Turismo e crescita economica alla prova dei numeri. Una ricerca di Unisalento

a) Gli afflussi turistici determinano una riallocazione della forza lavoro da settori ad alta a bassa produttività. Tipicamente, nel Salento, questo è avvenuto come conseguenza dell’espulsione dei contadini dalla terra devastata dalla Xylella (una sorta di accumulazione originaria turistica) nella conduzione di lidi balneari e di ristorazione con bassa qualità dell’offerta.

b) Le attività turistiche, in quest’area, si avvalgono di forza-lavoro con basso capitale umano o sottoccupato. Ne deriva una condizione per la quale la produttività del lavoro è molto inferiore a quella potenziale.

È stato statisticamente rilevato che gli afflussi turistici in loco costituiscono un afflusso di liquidità di breve periodo e stagionale e creano una forte dipendenza dai mercati esteri o nazionali. Ciò sia con riferimento alla volatilità dei redditi dei potenziali turisti, sia con riferimento alla mutevolezza delle preferenze.
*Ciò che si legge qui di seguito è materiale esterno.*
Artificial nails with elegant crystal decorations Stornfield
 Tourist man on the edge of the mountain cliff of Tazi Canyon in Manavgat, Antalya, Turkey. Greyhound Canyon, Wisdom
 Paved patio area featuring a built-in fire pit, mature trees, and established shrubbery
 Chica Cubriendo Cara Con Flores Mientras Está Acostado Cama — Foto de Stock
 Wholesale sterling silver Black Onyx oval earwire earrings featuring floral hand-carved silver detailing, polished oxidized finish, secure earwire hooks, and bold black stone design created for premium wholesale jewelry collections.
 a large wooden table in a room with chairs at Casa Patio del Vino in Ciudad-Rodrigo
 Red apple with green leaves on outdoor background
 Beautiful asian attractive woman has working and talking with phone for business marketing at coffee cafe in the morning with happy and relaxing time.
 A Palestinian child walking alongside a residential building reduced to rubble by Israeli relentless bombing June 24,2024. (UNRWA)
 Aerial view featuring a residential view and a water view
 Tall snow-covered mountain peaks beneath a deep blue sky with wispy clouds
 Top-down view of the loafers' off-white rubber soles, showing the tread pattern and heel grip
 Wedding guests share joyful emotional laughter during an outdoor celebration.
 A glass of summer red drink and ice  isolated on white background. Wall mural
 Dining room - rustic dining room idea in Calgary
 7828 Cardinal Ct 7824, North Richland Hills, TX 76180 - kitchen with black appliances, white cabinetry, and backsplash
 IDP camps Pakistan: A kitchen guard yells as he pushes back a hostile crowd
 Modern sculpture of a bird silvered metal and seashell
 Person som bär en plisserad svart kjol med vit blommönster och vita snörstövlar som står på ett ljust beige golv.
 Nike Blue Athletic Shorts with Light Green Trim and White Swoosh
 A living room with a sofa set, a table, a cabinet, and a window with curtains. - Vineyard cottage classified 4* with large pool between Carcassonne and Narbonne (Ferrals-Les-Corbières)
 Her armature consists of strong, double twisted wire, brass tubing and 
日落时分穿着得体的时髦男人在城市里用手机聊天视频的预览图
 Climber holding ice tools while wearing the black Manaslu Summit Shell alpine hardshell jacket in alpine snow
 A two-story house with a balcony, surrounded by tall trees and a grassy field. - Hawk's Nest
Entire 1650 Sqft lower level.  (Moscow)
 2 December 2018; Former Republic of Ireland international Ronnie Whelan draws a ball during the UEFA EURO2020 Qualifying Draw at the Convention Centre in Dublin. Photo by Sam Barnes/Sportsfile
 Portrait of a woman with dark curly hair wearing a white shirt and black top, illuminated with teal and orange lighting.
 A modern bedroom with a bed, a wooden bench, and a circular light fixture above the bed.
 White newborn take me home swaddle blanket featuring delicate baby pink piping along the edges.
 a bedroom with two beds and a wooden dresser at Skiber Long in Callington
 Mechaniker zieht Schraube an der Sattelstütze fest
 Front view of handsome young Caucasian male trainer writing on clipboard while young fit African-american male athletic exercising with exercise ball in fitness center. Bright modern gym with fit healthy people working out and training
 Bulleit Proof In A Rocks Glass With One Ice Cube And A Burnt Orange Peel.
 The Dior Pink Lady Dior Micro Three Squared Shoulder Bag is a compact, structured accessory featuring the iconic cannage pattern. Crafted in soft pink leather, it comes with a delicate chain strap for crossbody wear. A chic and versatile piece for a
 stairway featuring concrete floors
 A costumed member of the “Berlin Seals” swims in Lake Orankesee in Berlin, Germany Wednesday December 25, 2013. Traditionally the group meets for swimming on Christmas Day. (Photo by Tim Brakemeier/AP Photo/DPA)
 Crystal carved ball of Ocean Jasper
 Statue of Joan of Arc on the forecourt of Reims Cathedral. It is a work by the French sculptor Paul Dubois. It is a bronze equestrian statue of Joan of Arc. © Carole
Inoltre, espongono Lecce e provincia a una forte concorrenza con altri paesi periferici, con particolare riguardo (negli anni più recenti) a Grecia e Albania. In più, si tratta prevalentemente di un turismo povero, che solo in rare occasioni intercetta visitatori con redditi elevati. Nella provincia di Lecce, al 2022, esistono solo 12 strutture alberghiere a 5 stelle (su un totale di 3.122 hotel), con complessivi 706 posti, a fronte di 137 alberghi a 3 stelle e di ben 10.021 stanze per questa fascia. Uno dei canali attraverso i quali è la crescita economica un prius rispetto all’attrazione dei turisti è il potenziamento del sistema dei trasporti. Innanzitutto, maggiore crescita implica maggiore attrattività del territorio, soprattutto sotto forma di esercizi commerciali, di ristorazione e lidi con elevata qualità dell’offerta. In secondo luogo, i territori più ricchi – o su un sentiero di modernizzazione – sono quelli nei quali la logistica funziona meglio. Le indicazioni di policy riguardano due tipologie di intervento. In primo luogo, occorrerebbe incentivare la nascita sul territorio di una più robusta struttura industriale, dal momento che – pur in una fase mondiale di de-industrializzazione – si conferma empiricamente vero che è l’industria il motore della crescita. In secondo luogo, occorre incentivare l’assunzione di personale qualificato e i corsi di formazione: le strategie delle imprese esistenti sono per lo più focalizzate sul risparmio dei costi e su una politica di prezzo predatoria (l’aumento anche notevole dei prezzi non sconta la riduzione della domanda futura), con pochissimi investimenti sulla formazione dei dipendenti.